In all cases, Security is WPA/WPA2 Personal/CCMP-128 (AES), key renewal 14400s, strict rekeying disabled, 802.11r (FT) disabled, 802.11w MFP disabled, Disable EAPOL Key Retries disabled. No custom config.

I understand now that I could put the hostapd ap_max_inactivity=86400 setting here and change the Disassoc Low Ack setting under Advanced.

(Note that I'm most interested in sorting out the network instability and network spikes, since I have a proprietary WAP as a backup for wifi issues, but it would be nice if I could depend upon wifi again!)
Sponsor
egc
DD-WRT Guru


Joined: 18 Mar 2014
Posts: 12922
Location: Netherlands

PostPosted: Tue Oct 17, 2023 17:40    Post subject: Reply with quote
From the best wireless settings thread (link already provided earlier):

Quote:
Newer builds have the option to switch between Vanilla and DD-WRT firmware for both 2.4GHz & 5GHz.
Vanilla is the original QCOM firmware from Kvalo and DD-WRT is the DD-WRT custom firmware, a modified firmware based on CandelaTech's driver but heavily modified by DDWRT developers (BS and NBD)
DDWRT firmware has some extra options e.g.:Half (10 MHz), Quarter (5 MHz) and auto ACK Timing
Most users prefer Vanilla

Airtime Fairness is reported to cause problems by some users, if you have stability problems disable Airtime Fairness.

U-APSD (Automatic Power Save) is reported to cause problems by some users, if you have stability problems disable U-APSD (Automatic Power Save).

Security
WPA2 Personal CCMP-128 (AES)

Other settings (e.g.
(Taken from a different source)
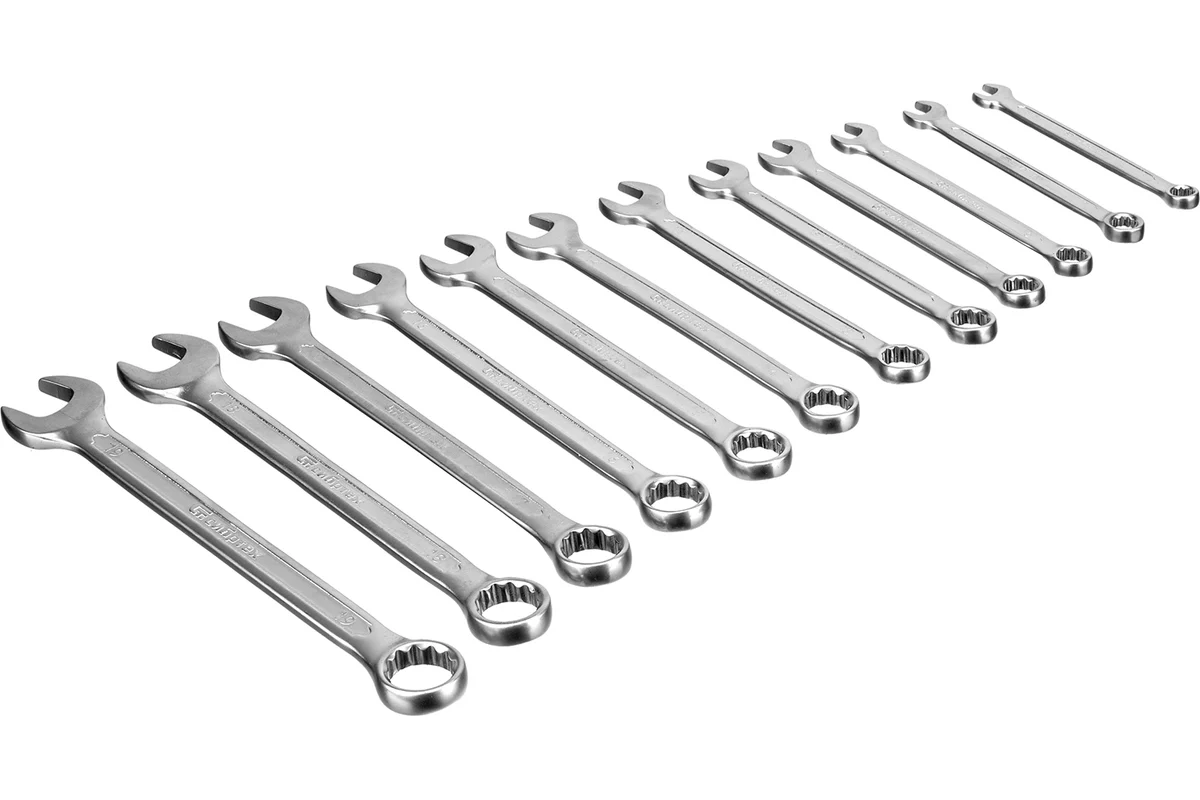 Набор инструментов, 1/2", 3/8", 1/4", пластиковый кейс 215 предм.// Сибртех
WPA3) are not well tested and might not work reliably.


Unless you have many clients also disable RTS/CTS

Beacon/DTIM, use 200/1 or 100/2

_________________
Routers:Netgear R7000, R6400v1, R6400v2, EA6900 (XvortexCFE), E2000, E1200v1, WRT54GS v1.
Install guide R6400v2, R6700v3,XR300:https://forum.dd-wrt.com/phpBB2/viewtopic.php?t=316399
Install guide R7800/XR500: https://forum.dd-wrt.com/phpBB2/viewtopic.php?t=320614
Forum Guide Lines (important read):https://forum.dd-wrt.com/phpBB2/viewtopic.php?t=324087
jtbr
DD-WRT User


Joined: 09 Mar 2017
Posts: 100

PostPosted: Wed Oct 18, 2023 8:38    Post subject: Re: Network volatility, network spikes Reply with quote
jtbr wrote:

Now, without mdns/avahi, without upnprd, and without wifi, it's mostly better. But now with uptime nearing 1 day, about once an hour (~4000 seconds) I'm getting delays peaking around 12 seconds for about 15 pings. (In subsequent testing, these became less regular but continued). Otherwise it looks pretty reasonable (although I don't really get why it would ever approach or exceed 500ms, and it still does). I've been able to observe top when this spike happens but unfortunately top does not update, or the ssh disconnects (!) at that moment, so it was not informative.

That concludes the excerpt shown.